UM JANTAR COM SAINT-HILAIRE


UM JANTAR COM SAINT-HILAIRE

O Tenente-General Manoel Marques de Souza convida o Governador da Capitania de São Pedro do Rio Grande do Sul “Conde de Figueiras” e o botânico francês Auguste de Saint-Hilaire para um jantar no dia 6 de agosto de 1820 em sua residência a rua Direita próxima a Igreja Matriz de São Pedro.


O Edifício Galeria Conde foi construído no espaço que foi outrora ocupado pelo casarão da família Marques de Souza. O avô, o pai e o filho, tiveram uma trajetória militar e administrativa de projeção nos quadros do Brasil Colonial e Imperial, sendo o casarão, uma referência no cenário urbano da cidade até a sua demolição.

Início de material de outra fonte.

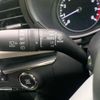 mazda mazda3-fastback 2020 quick_quick_6BA-BP5P_BP5P-112757 image 17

O botânico francês Auguste de Saint-Hilaire foi recebido na casa de Manoel Marques de Souza (o “avô”, o primeiro dos “três centauros”), nascido em 1743 e que em setembro assumiria o cargo de Governador. Saint-Hilaire foi um dos mais importantes cientistas a visitarem e pesquisarem no Rio Grande do Sul. O naturalista esteve em outras residências, mas, não deixou pistas que permitam localizar estes lugares diferentes da atual Galeria Conde.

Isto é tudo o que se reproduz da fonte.